Nice of you to offer to share these videos, but users should be aware that downloading/viewing these files by use of a torrent, is an infringement of copyright laws. Please be aware that you can subject yourself to fines or even imprisonment.

_"Beginning in early 2010, the US Copyright Group, acting on behalf of several independent movie makers, has obtained the IP addresses of BitTorrent users allegedly downloading specific movies. The group then sued these users, in order to obtain subpoenas forcing ISPs to reveal the users' true identities. The group then sent out settlement offers in the $1,000-$3,000 range. About 16,200 lawsuits were filed between March and September 2010."_ (From Wikipedia)


----------



## Chilangz (Apr 3, 2008)

doveone52 said:


> That is awesome Chilangz! It will be interesting to hear how pigeon people outside of the US feel about the show! What do you think?

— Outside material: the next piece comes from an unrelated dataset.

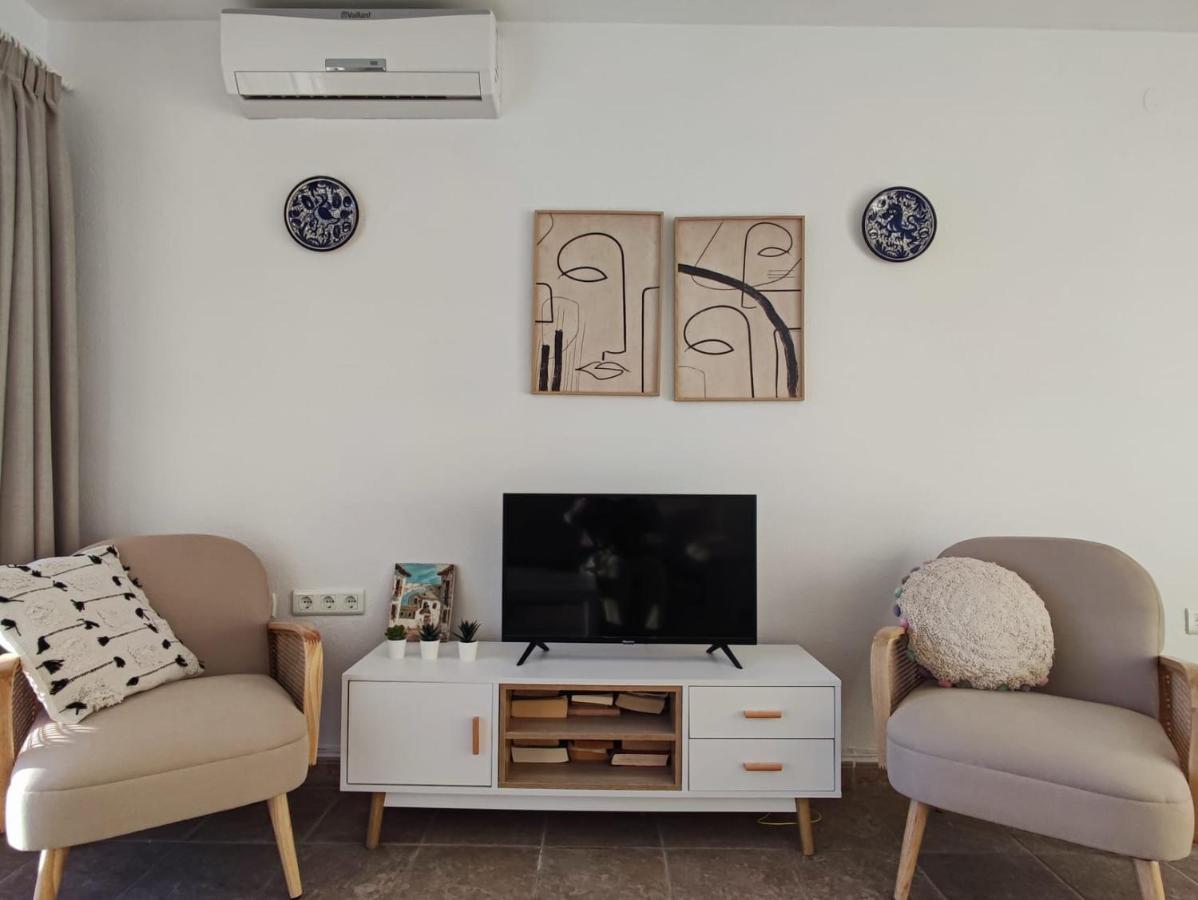 Acapulco Playa 26 Menyber Appartement Nerja Buitenkant foto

I think most of us really enjoy the show and also are sad that the show is broadcasted only in the States. 
Waiting to see the 4th episode.......


----------



## Chilangz (Apr 3, 2008)

ptras said:


> Nice of you to offer to share these videos, but users should be aware that downloading/viewing these files by use of a torrent, is an infringement of copyright laws. Please be aware that you can subject yourself to fines or even imprisonment.
> 
> _"Beginning in early 2010, the US Copyright Group, acting on behalf of several independent movie makers, has obtained the IP addresses of BitTorrent users allegedly downloading specific movies. The group then sued these users, in order to obtain subpoenas forcing ISPs to reveal the users' true identities. The group then sent out settlement offers in the $1,000-$3,000 range. About 16,200 lawsuits were filed between March and September 2010."_ (From Wikipedia)


Oops, was never aware of this. I knew that downloading movies or a Software is illegal, but was not knowing that even this episode is illegal to download.


----------



## Chilangz (Apr 3, 2008)

Downloaded the 4th episode and was sad to see Tyson hitting 2nd place....
Sorry, I can't help!! I was his fan in my childhood days...


----------